ASSIGNMENT
Where the line containing "Nationaal park van" appears, start repeating, and continue exactly through the last line below, adding nothing. Include no pictures.

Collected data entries

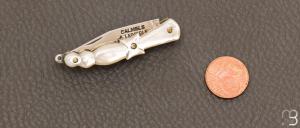Mini couteau Laguiole "Aile de pigeon" de collection ancien 4,5 cm par Jules Calmels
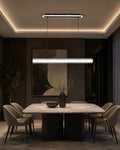 Modern Crystal LED Linear Pendant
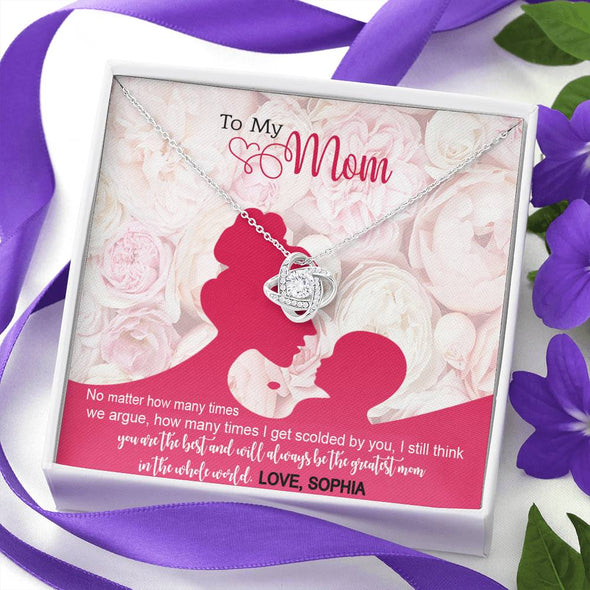To My Mom, You Are The Best And Will Always Be The Greatest Mom In The World, Custom Pendant, Silver Necklace With Message Card, Anniversary, Birthday, Christmas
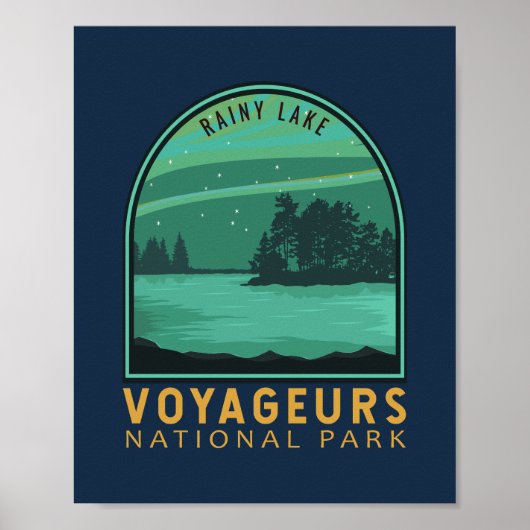 Nationaal park van de Voyageurs - Embleem van het Poster (Voorkant)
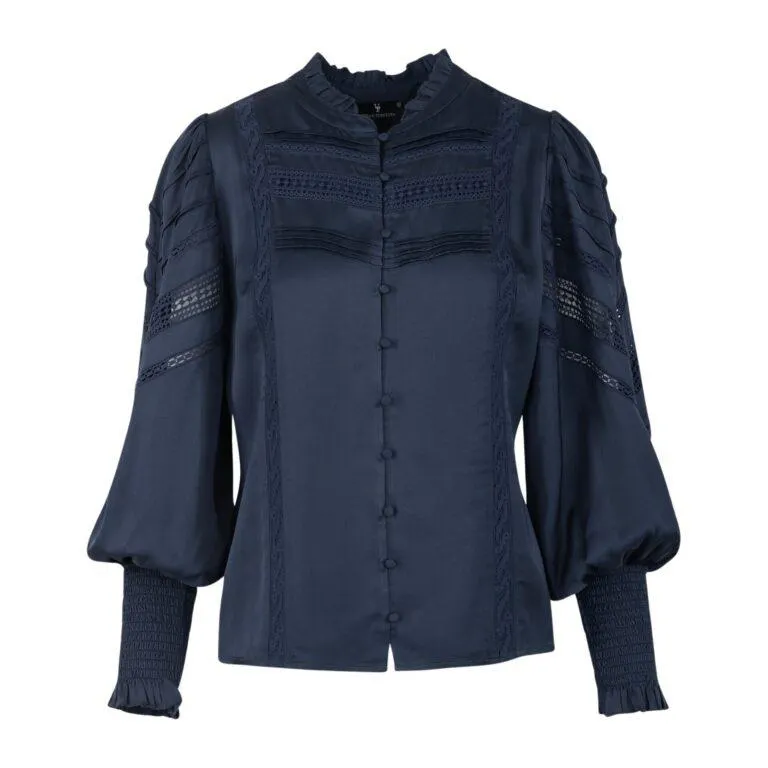 Augusta Blouse – Blå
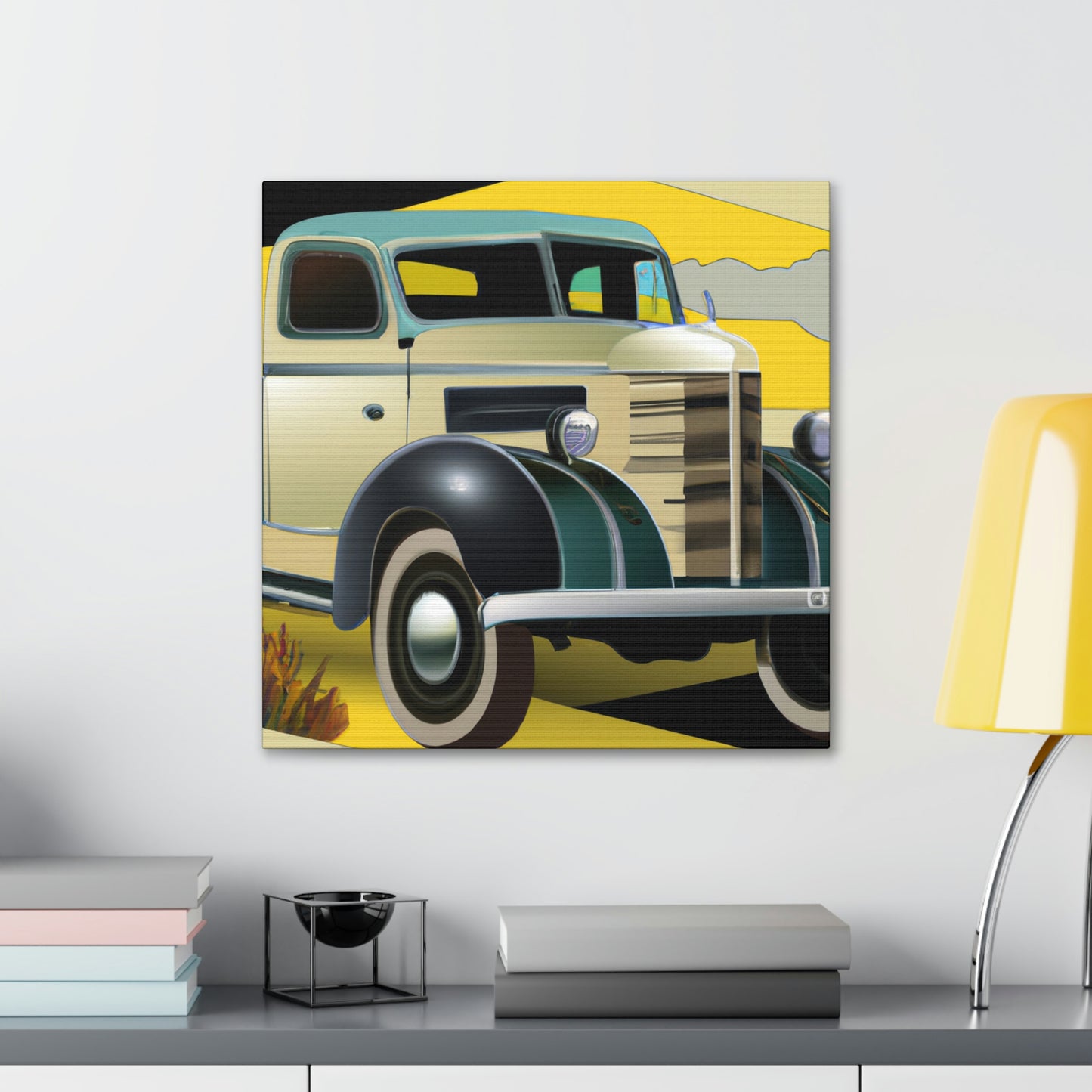 "Dusty Pickup Jubilee" - Canvas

SOLVED PROBLEM
 Nationaal park van de Voyageurs - Embleem van het Poster (Voorkant)
 Augusta Blouse – Blå
 "Dusty Pickup Jubilee" - Canvas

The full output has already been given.